Начиналось швейцарское путешествие замечательно. Александрин, когда он вдруг явился к ней в Женеве, всерьез отнеслась к словам платонически в нее влюбленного племянника, что ей одной дано спасти его от моральных терзаний, сводивших его с ума. Ах, «ежели бы Александрин была десятью годами моложе», — записывает он в дневнике 11 мая. Но ей уже сорок. И между ними установились отношения, которые сама она охарактеризовала так: «Мы стояли на какой-то особенной почве, и могу сказать совершенно искренне, заботились, главное, о том, что может облагородить жизнь, — конечно, каждый со своей точки зрения». Это были отношения дружбы — правда, признается Александра Андреевна, «немного слепой».

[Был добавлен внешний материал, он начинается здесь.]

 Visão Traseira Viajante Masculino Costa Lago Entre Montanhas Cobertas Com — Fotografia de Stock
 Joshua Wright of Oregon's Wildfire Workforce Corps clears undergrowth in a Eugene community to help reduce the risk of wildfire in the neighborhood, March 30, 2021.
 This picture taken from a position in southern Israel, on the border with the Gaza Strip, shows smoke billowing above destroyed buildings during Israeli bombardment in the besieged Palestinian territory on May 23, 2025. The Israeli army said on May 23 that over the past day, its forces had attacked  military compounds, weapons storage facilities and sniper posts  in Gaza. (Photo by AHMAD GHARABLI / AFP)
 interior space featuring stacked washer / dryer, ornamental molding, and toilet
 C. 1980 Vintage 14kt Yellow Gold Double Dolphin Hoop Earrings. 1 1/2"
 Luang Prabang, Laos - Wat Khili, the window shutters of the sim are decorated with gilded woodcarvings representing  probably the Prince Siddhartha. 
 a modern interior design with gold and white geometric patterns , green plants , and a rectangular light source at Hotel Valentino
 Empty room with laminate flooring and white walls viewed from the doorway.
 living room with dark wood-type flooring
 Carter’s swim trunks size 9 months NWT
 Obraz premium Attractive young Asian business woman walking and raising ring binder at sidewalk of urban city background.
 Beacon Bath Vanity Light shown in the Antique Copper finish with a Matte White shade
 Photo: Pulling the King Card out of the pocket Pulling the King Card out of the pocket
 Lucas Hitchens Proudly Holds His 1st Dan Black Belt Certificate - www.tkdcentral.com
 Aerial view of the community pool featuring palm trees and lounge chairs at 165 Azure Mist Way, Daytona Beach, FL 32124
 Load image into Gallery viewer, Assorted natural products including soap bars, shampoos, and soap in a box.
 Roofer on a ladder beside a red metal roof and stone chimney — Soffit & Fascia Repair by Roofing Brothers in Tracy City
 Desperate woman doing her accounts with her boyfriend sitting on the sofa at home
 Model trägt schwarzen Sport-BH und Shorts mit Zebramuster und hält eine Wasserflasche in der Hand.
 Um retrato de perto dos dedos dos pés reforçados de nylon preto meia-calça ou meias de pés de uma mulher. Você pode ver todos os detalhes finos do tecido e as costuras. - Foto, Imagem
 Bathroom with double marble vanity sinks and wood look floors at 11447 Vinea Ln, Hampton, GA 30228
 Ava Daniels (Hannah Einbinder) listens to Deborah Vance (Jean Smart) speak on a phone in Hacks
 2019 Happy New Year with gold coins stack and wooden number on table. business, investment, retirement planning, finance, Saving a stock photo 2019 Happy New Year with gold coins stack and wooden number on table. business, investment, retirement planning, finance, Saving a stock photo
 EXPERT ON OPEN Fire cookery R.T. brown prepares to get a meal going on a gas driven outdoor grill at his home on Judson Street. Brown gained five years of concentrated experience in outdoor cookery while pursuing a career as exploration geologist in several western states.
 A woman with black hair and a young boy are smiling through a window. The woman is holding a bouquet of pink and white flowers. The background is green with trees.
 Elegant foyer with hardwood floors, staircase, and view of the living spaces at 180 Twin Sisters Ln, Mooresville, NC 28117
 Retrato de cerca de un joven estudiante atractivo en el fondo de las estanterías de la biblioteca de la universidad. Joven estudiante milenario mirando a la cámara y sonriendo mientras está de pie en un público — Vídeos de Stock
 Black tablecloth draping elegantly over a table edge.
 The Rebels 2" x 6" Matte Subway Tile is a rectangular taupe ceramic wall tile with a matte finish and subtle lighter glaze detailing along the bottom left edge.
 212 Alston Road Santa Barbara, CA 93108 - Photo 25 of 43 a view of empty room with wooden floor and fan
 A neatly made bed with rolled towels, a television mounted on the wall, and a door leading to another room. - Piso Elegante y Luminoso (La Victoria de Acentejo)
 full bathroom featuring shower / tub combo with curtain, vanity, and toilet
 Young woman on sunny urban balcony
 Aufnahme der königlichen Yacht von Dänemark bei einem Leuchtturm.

В качестве фрейлины великой княгини Марии Николаевны Александрин жила с ее семьей на вилле Бокаж, откуда открывался дивный вид на озеро и синие горы. Толстой находил, что в сравнении с Кавказом «все это дрянь», но прогулки были ему в радость, население казалось «свободным и милым народом», да и сам край был «чудным». Только знаменитые швейцарские пейзажи оставляли его равнодушным. В конце мая, захватив с собой знакомого мальчика из русской семьи, Толстой предпринял десятидневное путешествие по окрестностям Кларана, городка, расположенного верстах в восьмидесяти от Женевы. Шли пешком, а по озеру плыли в лодке, обходясь без наемных гребцов. В дорожной сумке Толстого лежала чистая тетрадь, которую он исписал почти всю. Розовые в лучах рассвета Савойские горы, потоки с переброшенными через них мостиками из еловых ветвей, синяя озерная вода в маленьких бухтах, прозрачный воздух — все должно было вызывать восторг, однако Толстой не пленился видами со смотровых площадок, устроенных для туристов. «Где-то там красивое что-то, подернутое дымкой дали. Но это что-то так далеко, что я не чувствую главного наслаждения природы, не чувствую себя частью этого всего бесконечного и прекрасного целого».